Wheeling Budget Nears $35 Million Mark This Year

WHEELING — Even though Wheeling leaders plan to spend about $35 million in the new fiscal year that begins July 1, City Manager Robert Herron said employees will face a 5-percent increase in health care premiums without seeing an immediate pay raise.

Herron, Mayor Glenn Elliott and Vice Mayor Chad Thalman hope they can provide a pay increase for firefighters, police officers, secretaries, public works department employees and and other city workers in July, once the current fiscal year comes to an end.

“Pay raises and other non-essential spending will be considered at the end of the fiscal year, once we know what revenue streams to expect and what the cash carryover will be. In addition to making investments in city playgrounds and paving, the current city council approved a 3-percent pay raise in the fall of 2016 and a 2.5-percent pay raise in 2017,” Thalman said. “I’m hopeful that the upcoming budget will allow us to do the same in 2018.”

Wheeling City Council will discuss the fiscal 2018-19 budget during a work session at 11 a.m. Tuesday on the first floor of the City-County Building, 1500 Chapline St. The regular council meeting will follow at noon in the same location.


City leaders plan to spend about $1,275 for each of Wheeling’s 27,375 residents in fiscal year 2018-19. That per-capita spending is more than double the $617.46 Wheeling used for each person who lived in the city in the year 2000.

The exact new balanced budget estimate is $34,949,392. This reflects an increase of $455,136 from the current fiscal year.

“As you know, West Virginia cities are required to have an approved budget to the state auditor’s office in late March. Normally, much more productive conversations on budgeting occur toward the end of the fiscal year and the early stages of the next fiscal year,” Herron said.


The city’s main source of revenue continues to be the business and occupation tax. According to the budget projection, Herron expects receipts to increase slightly for the fiscal year beginning July 1, with $7 million firmly anticipated, along with another $2.9 million in delinquent B&O taxes the city intends to collect. Each number is slightly greater than the amounts approved for the current fiscal year.

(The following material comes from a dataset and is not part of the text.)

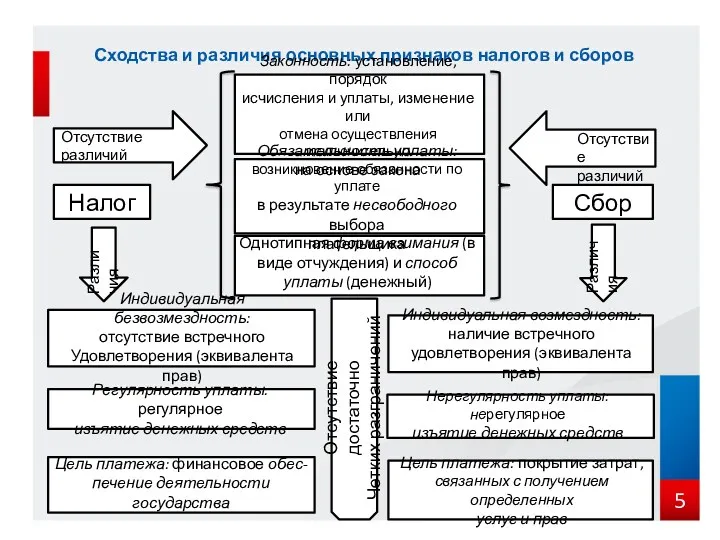 Сходства и различия основных признаков налогов и сборов Отсутствие различий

Another major revenue source will be real estate taxes, which Herron expects to be $3.28 million, about $50,000 more than what’s projected for this year. Municipal sales tax revenue, meanwhile, is expected to grow by $390,000 in the new year to reach $3.6 million.

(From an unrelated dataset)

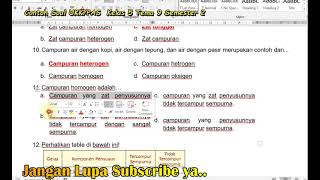 Latihan Soal PAT UKK Kelas 5 Tema 9 Semester 2 Beserta Kunci Jawaban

The city anticipates receiving $1.92 million from sanitation collection fees, while receipts from fire protection fees are expected at just over $2 million. Utility business tax collections should come in at about $1.92 million.

Herron expects $485,000 in revenue from taxes paid by Wheeling Island Hotel-Casino-Racetrack, as well as $331,300 from those who operate limited video lottery machines.

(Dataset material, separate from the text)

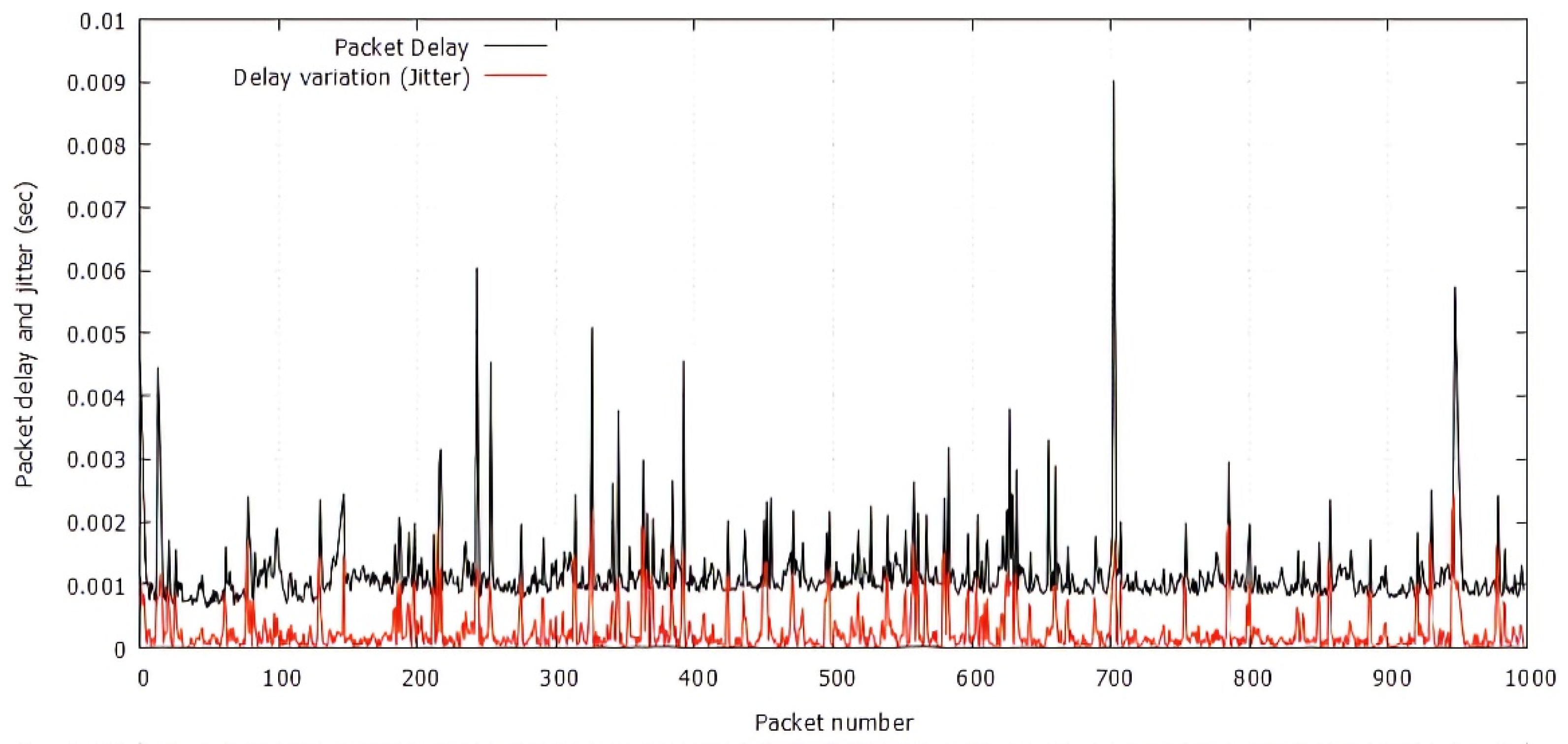 Sensors 21 05763 g008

Though a relatively small source of revenue, the city expects to collect $55,000 from the vacant building registration program which officials enacted several years ago via home rule authority.


Fire and police protection are the city’s largest expenses, as Wheeling intends to pay more than $10.4 million for fire department services in the new year, along with more than $8.3 million for police.

A third major area of spending for Wheeling is streets and highways, as $4.53 million is allocated for this. Wheeling generally funds street paving projects at the end of the fiscal year with the cash carryover funding in July.

At this point, the budget does not include pay raises for any city workers, nor does it fund any additional positions. However, the city often provides funding for raises or new positions from any cash carryover at the conclusion of the fiscal year in July.

For fiscal year 2018-19, Herron will earn $122,014; City Solicitor Rosemary Humway-Warmuth will collect $85,755; Finance Director Seth McIntyre will get $81,293; Police Chief Schwertfeger will earn $79,194; Fire Chief Larry Helms will collect $79,182; Public Works Director Russell Jebbia will get $79,194; Human Resources Director Teresa Hudrlik will earn $70,749; Economic and Community Development Director Nancy Prager will earn $65,618; City Engineer Conrad Slanina will earn $62,292; Assistant Economic and Community Development Director Tom Connelly will receive $58,118; Director of Parks and Strategic Planning Jesse Mestrovic will get $53,812; City Clerk Brenda Delbert will be paid $49,498; and Marketing and Community Relations Specialist Allison Skibo will earn $48,687.